Nigeria: Up up goes electricity tariff
The Nigerian Electricity Regulatory Commission (NERC) on Monday announced an increase in electricity tariff by between N1 and N5.
NERC Chairman, Dr Sam Amadi, told a news conference in Abuja that the new tariff would take effect from June 1 as provided for in the Multi-Year Tariff Order (MYTO).
He said with the review, most electricity distribution companies (DISCOs) will retain the N750 fixed charge.
He said that the MYTO provides for bi-annual reviews that take effect on June 1 and Dec. 1 to ensure that some critical and financial variables underlying electricity tariff in Nigeria were realistic, fair and current.
Amadi said the variables that determined the methodical reviews included rate of inflation, exchange rate, gas price and available power generation capacity in the country.
'The MYTO provides that where the review shows that the aggregate of these variables have changed by plus or minus five per cent of the MYTO figures, the changes are significant and would result in a review of the tariff,
'The present review shows certain significant changes. For instance, whilst MYTO had projected inflation rate of 13 per cent, the inflation as at March 30, is 7.8 per cent which is 5.2 per cent less than projected,
'Similarly, MYTO projected an exchange rate of $1 to N178, but the March 30, 2014 data from the CBN shows a rate of N157.30 to $1, which is 11.6 per cent less than projected'', he said.
Amadi also said that the new tariffs would not be equally served to consumers nationwide.
He said some parts of the country would have reduced tariffs and others with slight increase based on the population covered by each DISCO, amount of electricity allocated and facility available to each DISCO.
The NERC boss said that the review indicated a reduction of the wholesale tariff that would be paid to electricity generating companies (GENCOS) from June 1.
He also noted that the cost of the energy charge would have been much higher but for the good macroeconomics management that produced a real reduction in wholesale generation tariffs.
He said that if the review had not been carried out, the fixed charge would have increased from the current N750 to about N1,500.
'The energy charge component for each DISCO would also have increased depending on the power allocation to the DISCOs'', he added.

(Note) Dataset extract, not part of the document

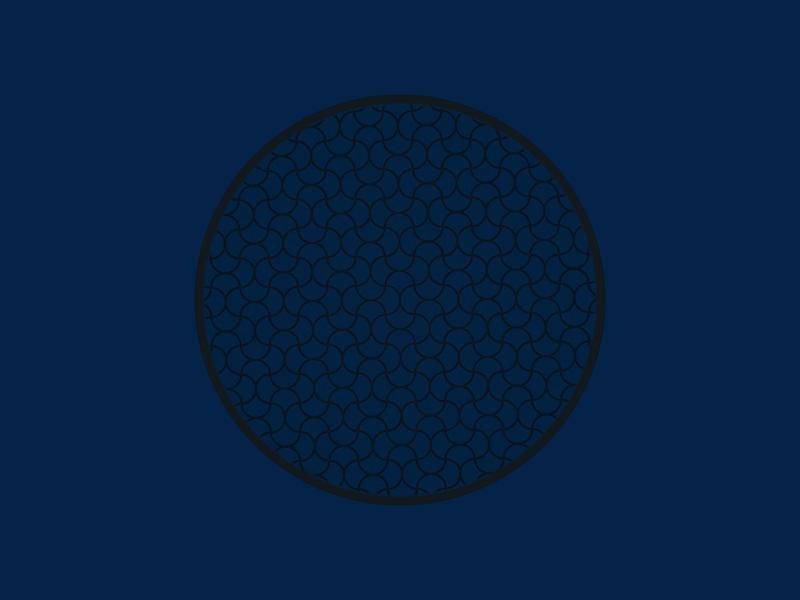 C15. Kousuke Coaster - Circle 15 - Tile Pattern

The NERC boss said that the three components that made up the total tariff paid by consumers included the generation, transmission and distribution.
He decried the gas challenge to the power plants and said that the fixed costs incurred in the three components earlier mentioned would be spread over a much lower quantity of energy projected to be sold to consumers.

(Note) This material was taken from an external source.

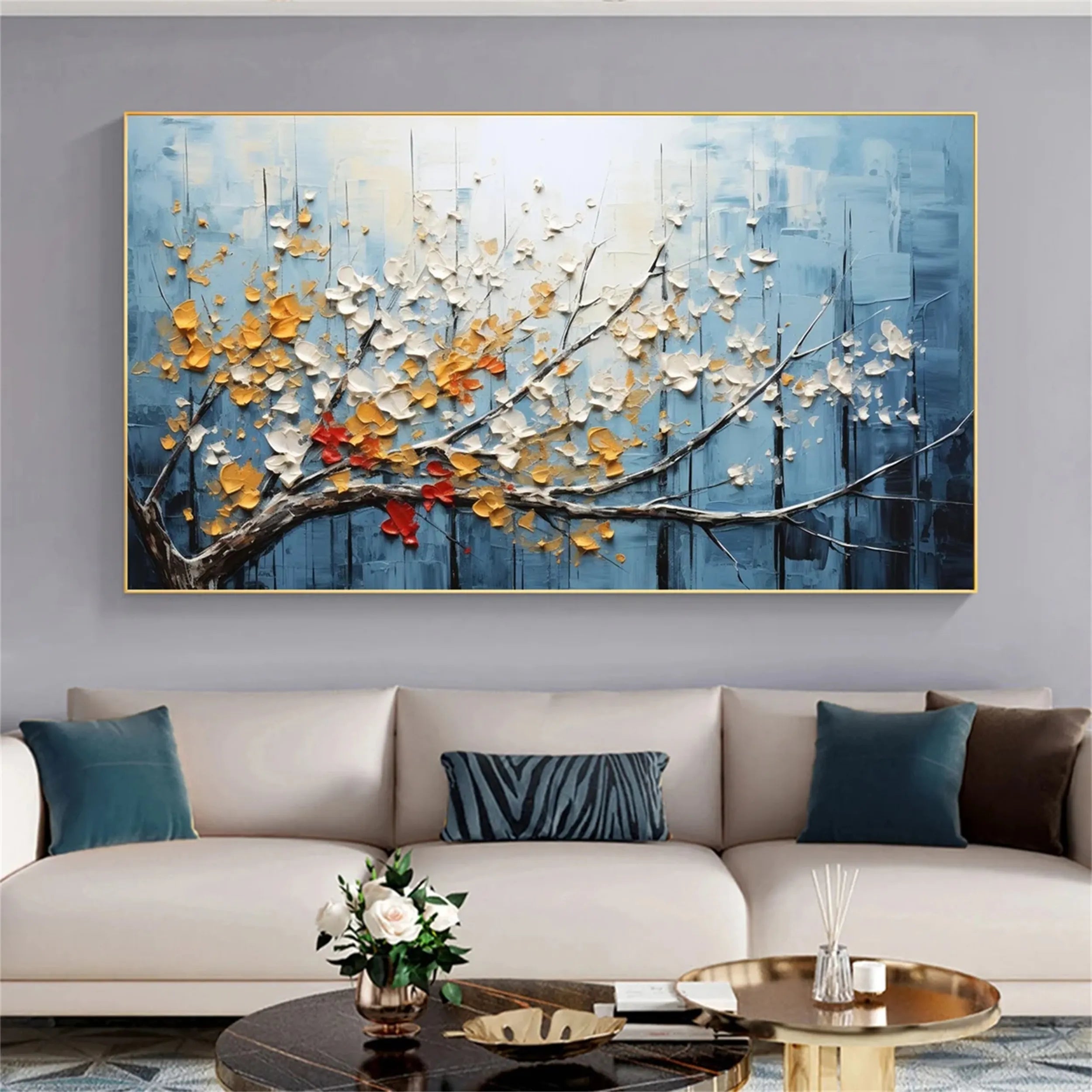 Flower And Tree Painting #FT 052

Amadi said NERC would continue to ensure that electricity consumers had access to adequate and reliable electricity and put in place mechanisms for improved service delivery from the new electricity companies
Meanwhile, Mr Adekunle Makinde, President, Nigerian Institution of Electrical Electronics Engineers (NIEEE), urged the Federal Government to improve on electricity supply before any increase in tariffs.
Adekunle told NAN that the upward review of electricity tariff might witness another round of protest by consumers across the nation.
He said that consumers were not enjoying power supply because of erratic nature of the supply.
'Now that the government is compelling consumers to pay more, it might result in another round of protests.
'The consumers are already protesting against poor power supply in every area in Lagos, so why do you have to increase power tariff when the supply is not regular', he said.
Makinde also said that the increment did not come as surprise to him because the investors in power sector had been clamouring for it.
'From the operators' angle, the increment is not surprising because the investors had been complaining of not making any profit from the inception.
'The mistake they made was that they did not study the sector before venturing into it.
'They should have known what is on ground and know how to meet up', he said.